« Amazon Announces Static IP Addresses and Multiple Datacenter Operation | Main | Advertise »
Tuesday
Mar252008

Paper: On Designing and Deploying Internet-Scale Services

Greg Linden links to a heavily lesson ladened LISA 2007 paper titled On Designing and Deploying Internet-Scale Services by James Hamilton of the Windows Live Services Platform group. I know people crave nitty-gritty details, but this isn't a how to configure a web server article. It hitches you to a rocket and zooms you up to 50,000 feet so you can take a look at best web operations practices from a broad, yet practical perspective. The author and his team of contributors obviously have a lot of in the trenches experience. Many non-obvious topics are covered. And there's a lot to learn from.

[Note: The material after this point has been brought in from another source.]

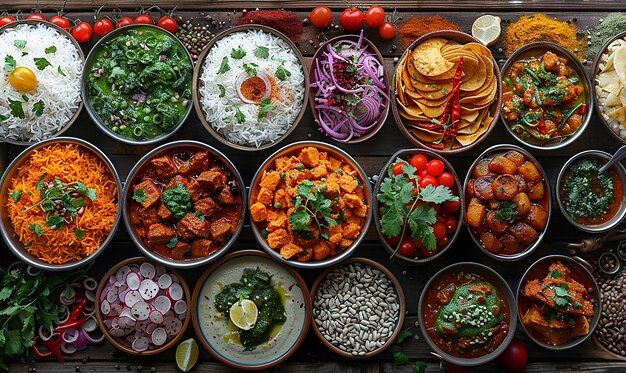 a table full of food including rice vegetables and rice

The paper has too many details to cover here, but the big sections are:

  • Recommendations
  • Automatic Management and Provisioning
  • Dependency Management
  • Release Cycle and Testing
  • Operations and Capacity Planning
  • Graceful Degradation and Admission Control
  • Customer Self-Provisioning and Self-Help
  • Customer and Press Communication Plan

    In the recommendations we see some of our old favorites:
  • Expect failure and design for failure.
  • Implement redundancy and fault recovery.
  • Depend upon a commodity hardware slice.
  • Keep things simple and robust.
  • Automate everything.

    Personally, I'm still trying to figure out how to make something simple.

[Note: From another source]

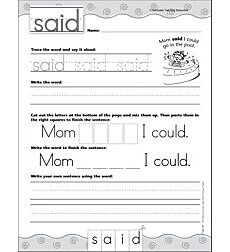 Interactive Practice Page (Sight Word: Said): Write-and-Learn Practice ...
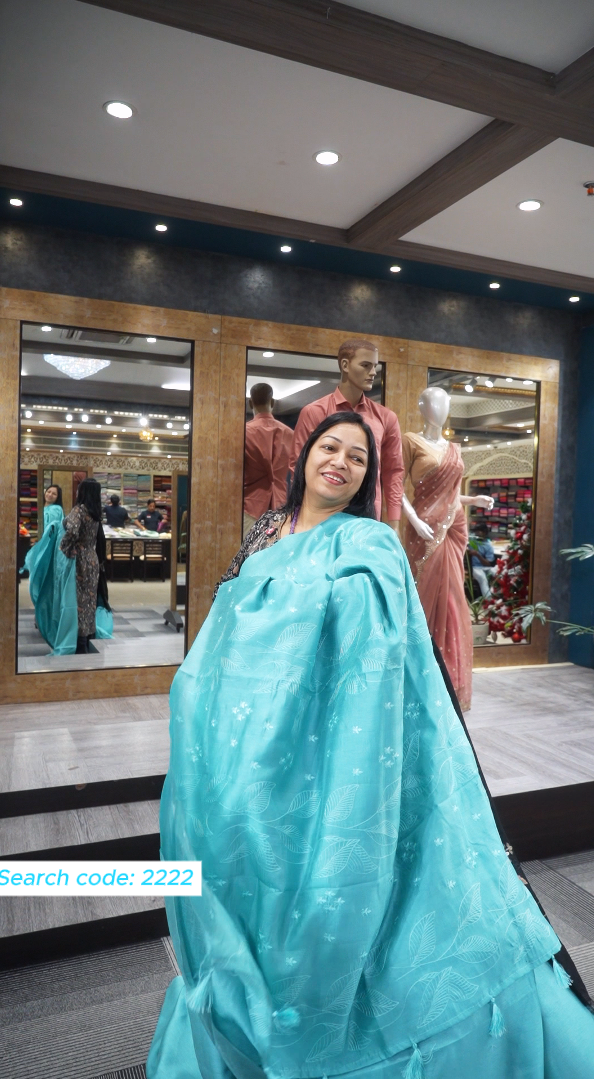 Semi Tussar Saree -Mary blue  color Search code 2222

    Next are some good thoughts on how to design operations friendly software:
  • Quick service health check. This is the services version of a build verification test.
  • Develop in the full environment.
  • Zero trust of underlying components.
  • Do not build the same functionality in multiple components.
  • One pod or cluster should not affect another pod or cluster.
  • Allow (rare) emergency human intervention.
  • Enforce admission control at all levels.
  • Partition services.
  • Understand the network design.
  • Analyze throughput and latency.
  • Treat operations utilities as part of the service.
  • Understand access patterns.
  • Version everything.
  • Keep the unit/functional tests from the last release.
  • Avoid single points of failure.
  • Support single-version software. Have all your customers run the same version.
  • Implement multi-tenancy. Apparently a lot of software requires cloning hardware installations to support multiple customers. Don't do that. Have your software work for multiple customers all on the same hardware.

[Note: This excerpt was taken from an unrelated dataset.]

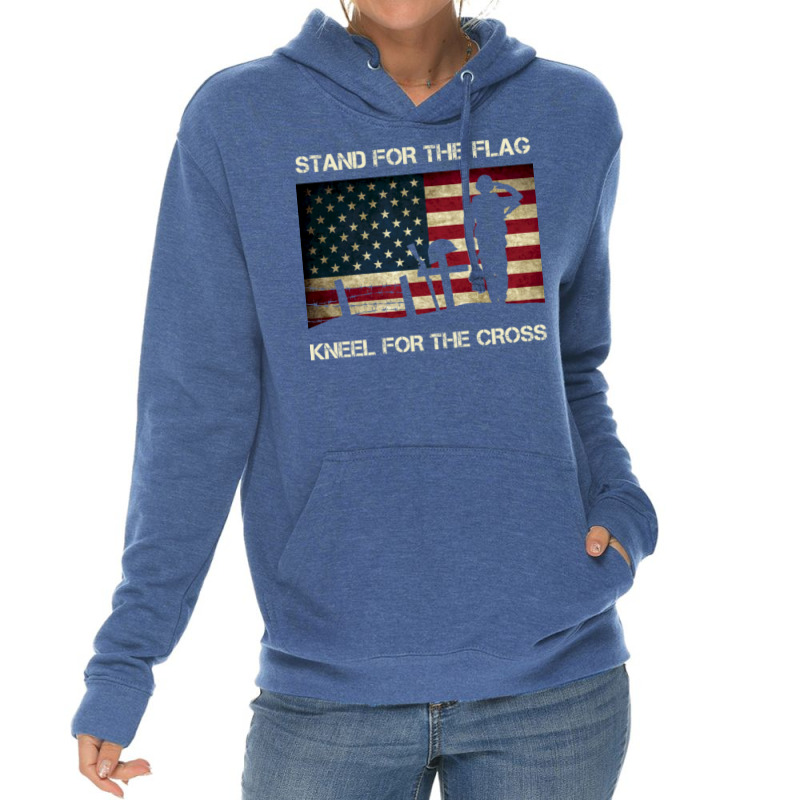 Us Military Stand For The Flag Kneel For The Cross Lightweight Hoodie | Artistshot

    And the paper continues along the same lines in each section. Good detailed advice on lots of different topics.

    You'll undoubtedly agree with some of the advice and disagree with some. Greg wants faster release cycles, thinks having server affinity for some things is OK, and thinks the advice on allowing humans to throttle load won't work in a crisis. Perfectly valid points, but what's fun is to consider them. Some companies, for example, have a dead-man's switch that must be thrown before one master can failover to another in a multi-datacenter situation. Is that wrong or right? Only the shadow knows.

    The advice to "document all conceivable component failures and modes and combinations" sounds good but is truly difficult to do in practice. I went through this process once on a telco project and it took months just to cover all the failure scenarios on a few cards. But the spirit is right I think.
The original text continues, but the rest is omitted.